Yesterday, President Obama apologized to the millions of Americans who have been receiving cancellation notices and announced a proposal to grant administrative relief by selectively enforcing the Administration’s own regulations. But, by trying to ignore a problem with existing law – instead of addressing it – the president’s proposal is sure to create confusion and prolong uncertainty for millions more.
CA-49 CONSTITUENTS AFFECTED
In an effort to show Washington that you, the American people, know what’s best for you and your family, I have encouraged you to share with me how you and your family have been affected by the President’s healthcare law. Your stories have made one thing clear: this law is harming a lot more Americans than it is helping.
Laurie, from Oceanside, received a letter from her provider informing her that as of December 15 her policy would no longer be offered to her and her son – forcing Laurie to enroll in government-mandated coverage that will increase her premium by 86% from $4,680 to $8,682 per year.
Brian, a resident of San Clemente, shared that, “thanks to ObamaCare, my health care insurance was cancelled.” He added, “It wasn’t a decision of the insurance company. It was because my policy was not ‘grandfathered’ into the new law as was promised by the President of my country. That’s a big deal.” Under Brian’s new plan, he will now be forced to pay almost $4,000 more a year – a 154% increase.
Samuel and Debi of Carlsbad wrote that, due to the cancellation of their current plan, they will face a 97% yearly increase with their new “comparable plan.” They added that, despite having no children, they will now be required to have a plan that offers maternity and pediatric dental care – raising the valid questions of “Why are we required to purchase services we will never use? And, is a 100% increase even remotely justified?”
Lynda, from Oceanside, shared with me that Kaiser is discontinuing her plan in December because it does not meet the requirements of the Affordable Care Act – increasing her premium by 54% or $2,258 more a year. Lynda added, “What kind of law takes away perfectly fine, affordable insurance and replaces it with poor coverage, unaffordable insurance?”
I couldn’t agree with you more, Lynda.
What you are experiencing is simply unacceptable. Southern Californians deserve much better. You, and the rest of the American people, deserve the right to choose and have access to affordable health coverage that meets the needs of you and your family. Unfortunately, the President’s healthcare law strips you of that fundamental choice.
OVERSIGHT COMMITTEE EXAMINES HEALTHCARE.GOV FAILURES
On Wednesday, I convened an Oversight hearing to hear from top HealthCare.gov officials to examine what went wrong with the site’s rollout and what the Administration is doing to address and fix the technology and security problems currently plaguing the site.
At the hearing, White House official Todd Park could not confirm whether the website would be ready by the end of November, as promised. Even more concerning, Administration technology experts could not state who was responsible for the botched rollout of HealthCare.gov.
As Chairman of the House Oversight Committee, I will not stop until the Administration comes clean about what caused HealthCare.gov’s disastrous rollout, who was responsible and what can be done in the future to prevent these systematic and pervasive failures from occurring again.
HOUSE ACTS TO ALLOW AMERICANS TO KEEP HEALTH PLANS
Today, the House passed the Keep your Health Plan Act (H.R. 3350), a bipartisan bill that will allow plans that were available at the beginning of this year to continue to be offered next year without facing a penalty.
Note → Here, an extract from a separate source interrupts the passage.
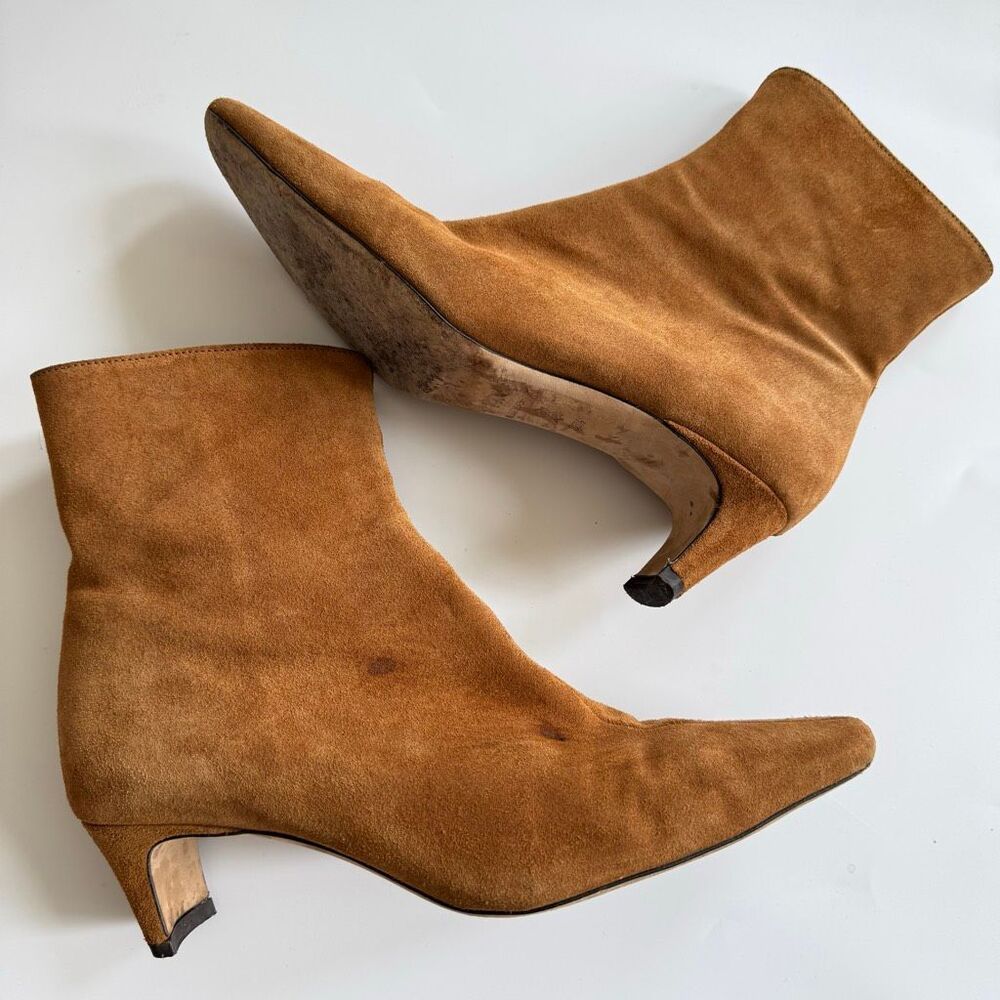 Staud Wally Ankle Duene Boot Women's Size 38.5 Tan Suede Zip Up Heeled Bootie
Unlike the President’s current proposal, the House bill will clearly change the law so the plans Americans have and like will not be banned.
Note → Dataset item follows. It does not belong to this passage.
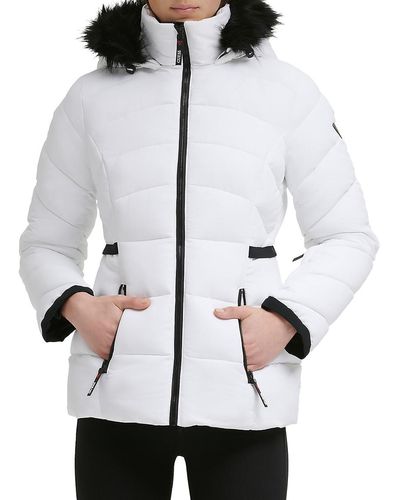 Guess Faux Fur Trim Hooded Puffer Jacket - White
Americans everywhere are now experiencing first-hand that the President’s healthcare law is not affordable and is not in the best interest of consumers. However, unlike President Obama, I will not ignore a problem with an existing law instead of addressing it.
I will do everything in my power to address the President’s self-acknowledged “fumble” so that you may regain your fundamental right to choose your coverage and have access to affordable healthcare that meets the needs of you and your family.